Spero ricordiate quando vi raccontai lo schema Ponzi della sovra-offerta di capacity per cloud e come i crediti che questa generava venissero utilizzati per gonfiare i risultati nelle trimestrali. Bene, ora provate a unire i puntini. Con l’aggravante che quella partita di giro fino a quando si appoggia su un mercato compiacente verso il fenomeno AI, può anche essere ritenuta controllabile a livello di rischio.
Ma quando ci si spinge alla ricerca di una copertura statale, una sorta di posto fisso nella voce di bilancio per quel sovrappiù che, giorno dopo giorno, si rivela un eccesso doloso di offerta che mai potrà incontrare una domanda infinita come quella prospettata sulla carta e incorporata nei multipli di utile per azione, ecco che il rischio aumenta.
Soprattutto quando dall’altra parte della barricata della medesima battaglia si trova un soggetto come la Cina, pronta a far valere il suo asso nella manica a livello proprio di AI. Ovvero, il predominio assoluto in fatto di terre rare e materiali come rame e argento.

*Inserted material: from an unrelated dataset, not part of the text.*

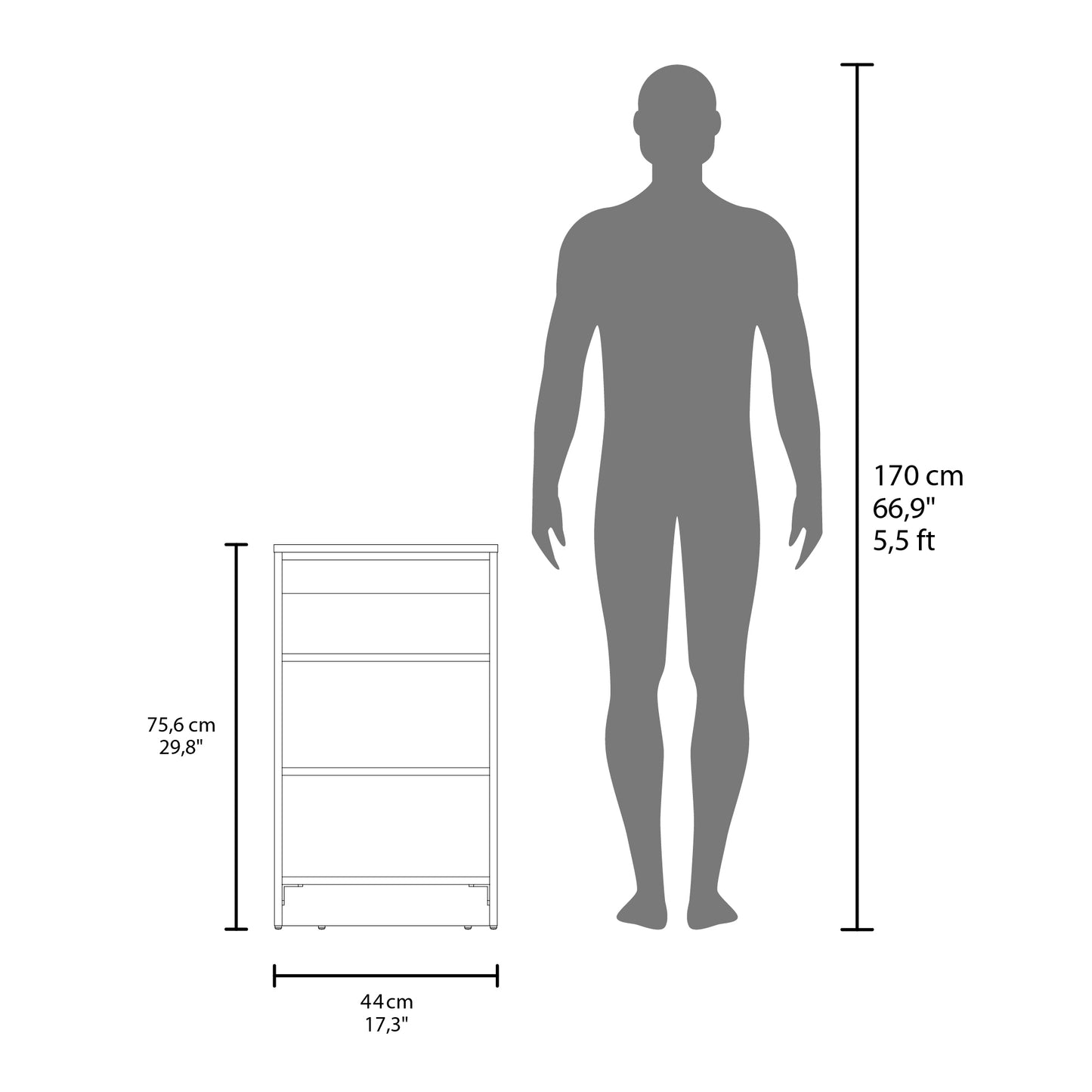 Bathbi Ladder Shelf Organizer for Bathroom, Side Table, Living room 30" High 4-Tier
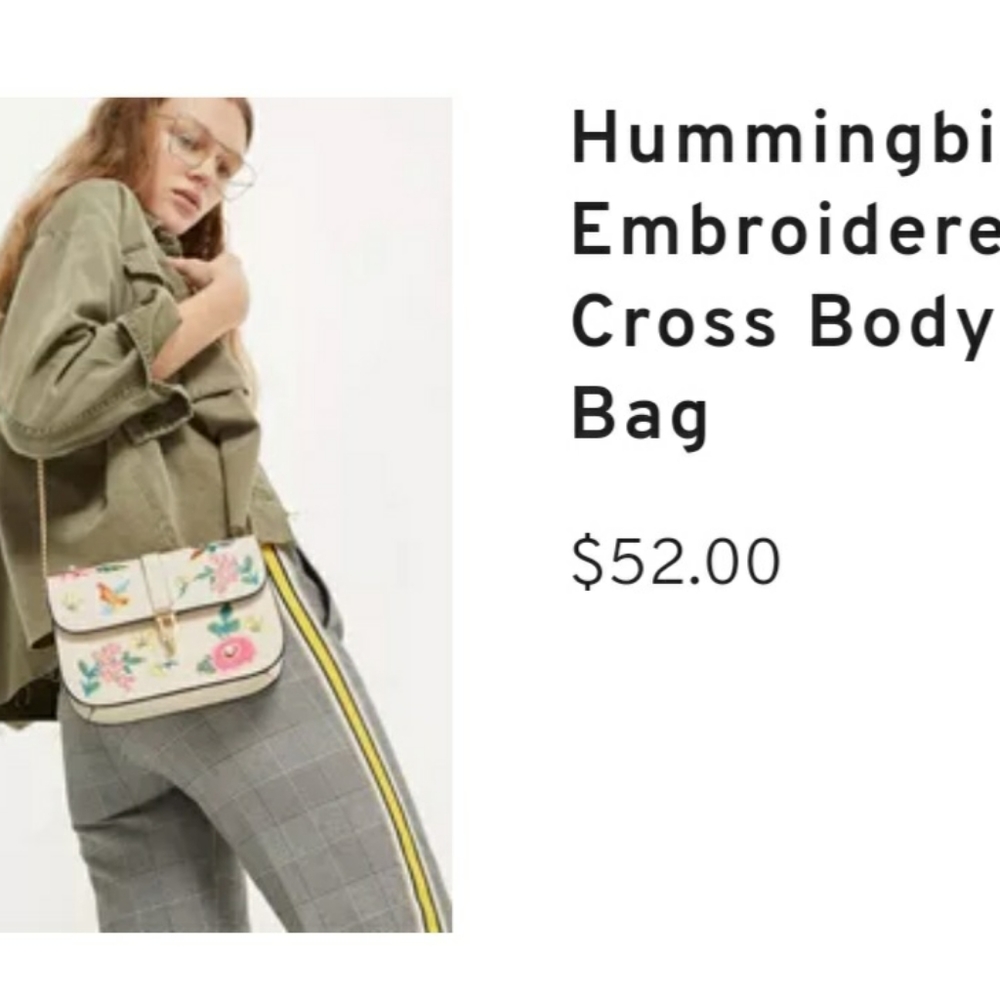 Hummingbirds embroidered purse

Date un’occhiata a quest’altro grafico: stante una simile dipendenza da metalli strategici, pensate davvero che l’America di Donald Trump e delle minacce a getto continuo possa permettersi di passare dalle parole della deterrenza ai fatti delle sanzioni o delle restrizioni vere e proprie? E se la Cina reagisse a sua volta con uno stop, l’intero castello di numeri nel ventilatore dell’ennesima bolla su cui si basa l’azzardo sia di Google in versione IRI che della stessa Nvidia che festeggia i 4 miliardi di market cap, dove e come finirebbe?

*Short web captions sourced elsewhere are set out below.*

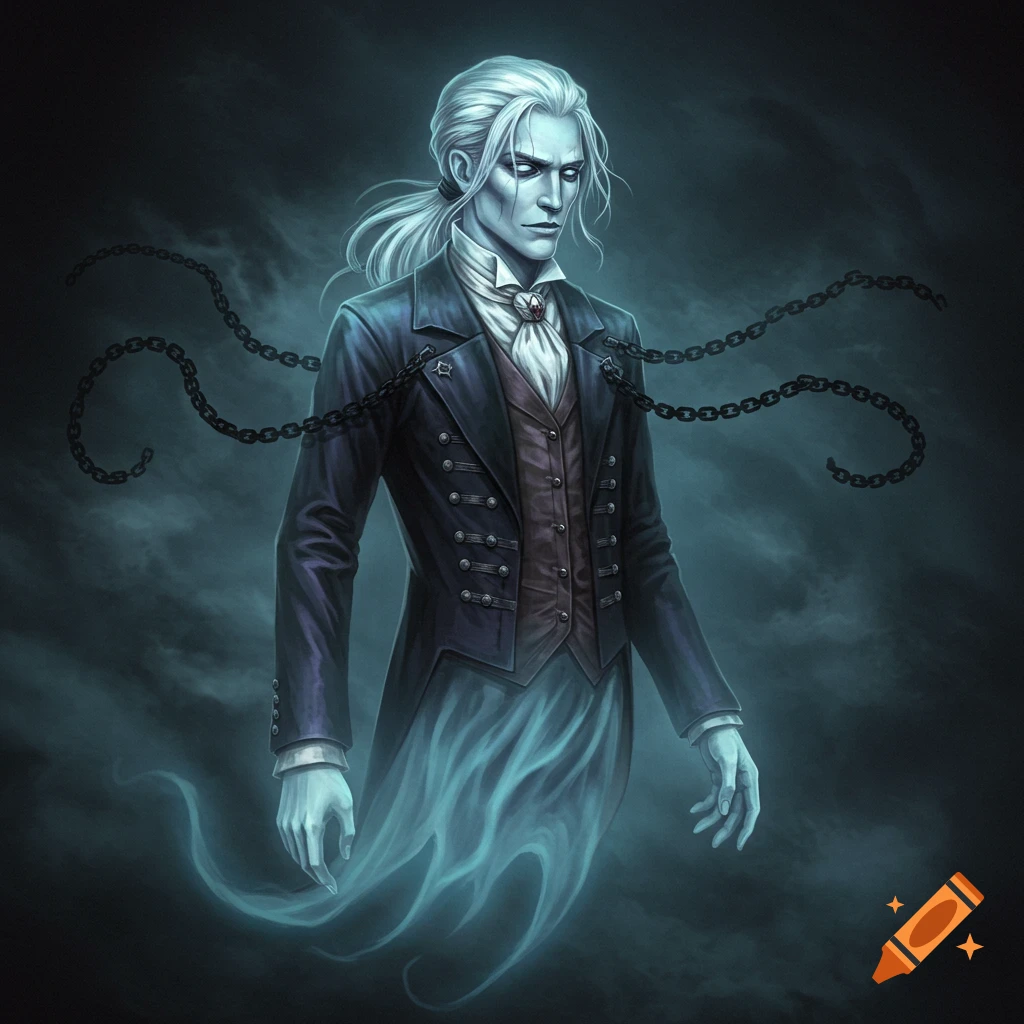 A ghostly figure in a tailcoat with white hair tied back, wrapped in chains.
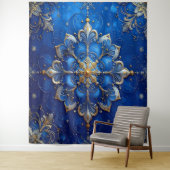 Tenture Decorative Blue Gold Holiday Backdrop (En situation)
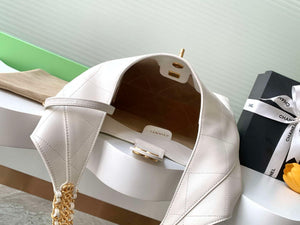 Chanel 25P AS5425 Large Hobo Handbag Shiny Lambskin & Gold-Tone Metal White - Default Title - View 8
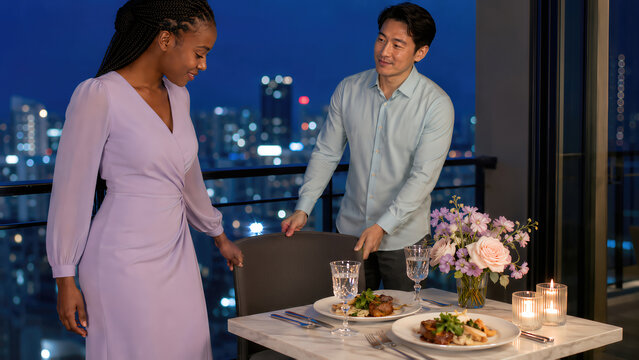 Romantic Valentine's Day dinner for two featuring a couple at a beautifully set table with city skyline view, elegant dishes, and floral centerpiece in a modern setting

Ripeto, c’è qualcosa che non va. Sottotraccia. E in base a quanto vi dicevo nell’articolo di ieri, ovvero alla forte possibilità che al novero di criticità gettate sul tavolo del mercato a breve si unisca anche il jolly della recessione, vi lascio con questo ultimo grafico.

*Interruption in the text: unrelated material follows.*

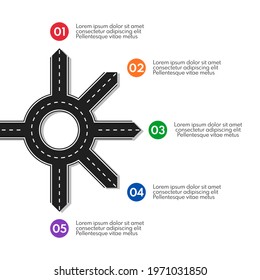 road line with ring crossroad and 5 different exits, vector infographics template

Il quale ci mostra come il livello delle procedure di bancarotta negli Stati Uniti sia ampiamente ascrivibile ai numeri di una crisi economica da contrazione della crescita. Recessione, appunto. Qualcosa come 371 da inizio anno, il massimo dal 2010. Ovvero dal pieno fallout della crisi finanziaria Lehman-subprime. E non parliamo della lavanderia dei Jefferson o del ferramenta del papà di Ricky Cunningham. Il grafico contempla soltanto quelle classificate come large bankruptcies.
Insomma, recessione alle porte. Con l’inflazione in agguato, il mercato azionario ai massimi, rendimenti obbligazionari ai massimi, oro ai massimi e Bitcoin ai massimi. Viviamo in tempi che finiranno nei libri di storia.